SeaWorld’s request for a restraining order was granted this week by San Diego Superior Court Judge Timothy Taylor, whose ruling targeted three members of People for the Ethical Treatment of Animals — Lisa Marie Lange, PETA’s senior vice president for communications; Ricky Chavez Rodriguez; and Lyanne Fernandez.
The judge ruled that they are also prohibited from harassing, threatening or committing violence against SeaWorld employees.
The ruling and requested injunction stemmed from a protest July 24 when actor James Cromwell and six PETA activists disrupted SeaWorld’s revamped orca presentation, which replaced the long-running theatrical Shamu show.
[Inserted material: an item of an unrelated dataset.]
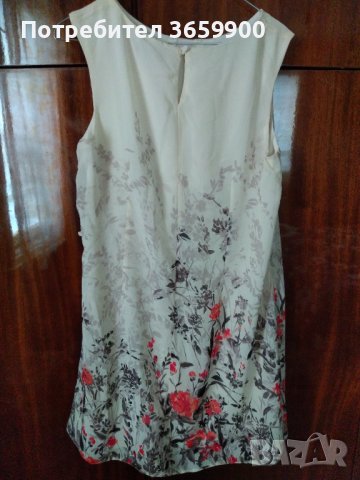  Лятна рокля, размер 14(42), снимка 6 - Рокли - 41241904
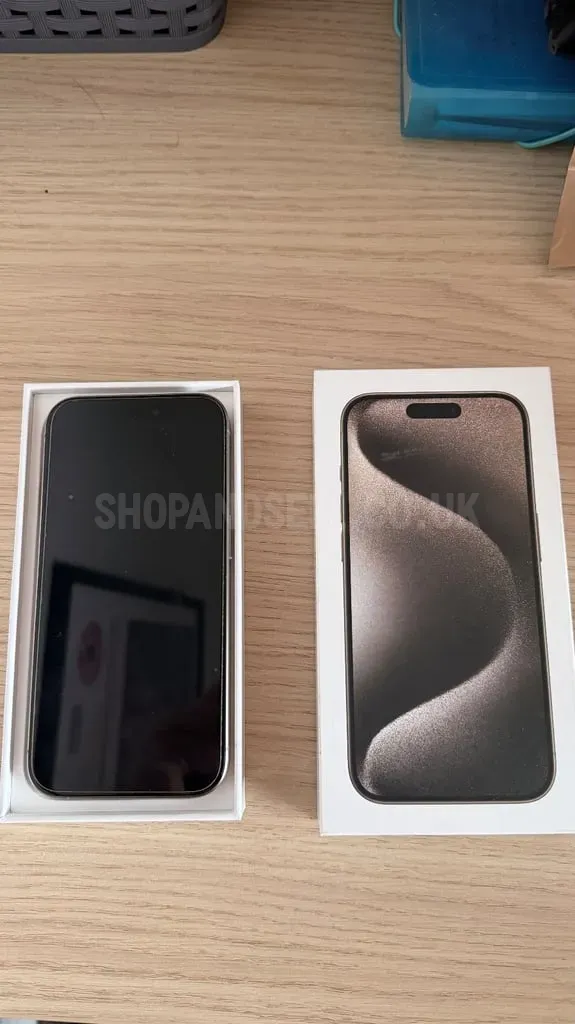 Iphone 15 Pro 128GB - Titanium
SeaWorld claimed the individuals were behaving aggressively and had refused to leave the park.
SeaWorld President Marilyn Hannes said the park decided to take the unprecedented action of seeking a restraining order because of a “dangerous and volatile situation the activists created that easily could have escalated and put them, our employees and even the animals at risk.”
The three protesters at the time of the incident were removed from the park and later charged with criminal trespass, which is the subject of a separate case that is still pending.
The court ruling will not keep PETA from continuing to hold peaceful protests over what it claims is SeaWorld’s inhumane treatment of marine mammals, the organization said in a statement.
“We ask decent people to come together to protest such cruelty by all lawful means available,” said PETA President Ingrid Newkirk.
SeaWorld as a company has been struggling to rebuild its brand amid a continued backlash from the 2013 “Blackfish” documentary that was critical of SeaWorld’s treatment of killer whales.
Although the company has ended the captive breeding of its orcas and is phasing out its Shamu shows, SeaWorld still faces lagging revenues and attendance. In a recent cost-cutting move, it laid off 350 employees across the company.